With the focus shifting toward automated ML and deep learning, is manual Exploratory Data Analysis (EDA) still considered a critical step? I’ve seen teams jump straight into modeling, but I feel like we miss out on understanding the underlying distributions. How much time should a Data Scientist realistically spend on EDA in a standard project?
3 answers
EDA is arguably the most important stage of the entire pipeline. Without it, you are essentially flying blind. Modern libraries like Pandas Profiling or Sweetviz have made the process faster, but manual inspection is still necessary to identify data quality issues like "leakage" or nonsensical outliers that automated tools might ignore. A standard rule of thumb is that 60-70% of your project time should be spent on EDA and data cleaning. Understanding the correlation between features allows you to perform effective dimensionality reduction, which makes your models much leaner and more interpretable for business stakeholders.

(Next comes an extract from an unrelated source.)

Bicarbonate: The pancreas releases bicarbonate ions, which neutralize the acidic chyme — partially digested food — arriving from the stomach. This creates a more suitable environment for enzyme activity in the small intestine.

I agree it's important, but how do you keep EDA from turning into "analysis paralysis"? Sometimes I spend days making plots without actually finding a feature that improves the model. Is there a way to make the EDA process more goal-oriented?

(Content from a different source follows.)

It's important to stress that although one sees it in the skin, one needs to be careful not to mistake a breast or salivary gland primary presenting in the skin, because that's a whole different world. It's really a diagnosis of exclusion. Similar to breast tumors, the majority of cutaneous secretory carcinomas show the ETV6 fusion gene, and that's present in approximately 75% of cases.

If you don't do EDA, you won't know if your model is biased. Visualizing class imbalances is the only way to know if you need to use SMOTE or different evaluation metrics.

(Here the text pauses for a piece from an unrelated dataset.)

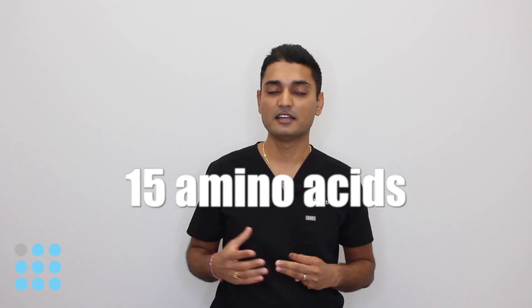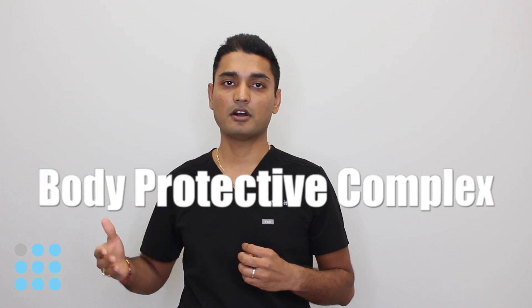Hi guys, this is Jay Patel from MyFitMed. Today we'll talk about BPC-157 as part of our HGH peptide series. BPC-157 is a sequence of 15 amino acids. This is a synthetic amino acid chain, and it is a partial sequence of a naturally occurring substance called body protecting complex that is found in our gastric juice.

Spot on, Nancy. EDA is the only defense against "Garbage In, Garbage Out." You have to see the garbage to clean it!
Christopher, the best way to avoid that is to start with a hypothesis. Instead of plotting everything, ask specific questions like "does the time of day impact the conversion rate?" This keeps your analysis focused on generating features that have a high likelihood of providing predictive power.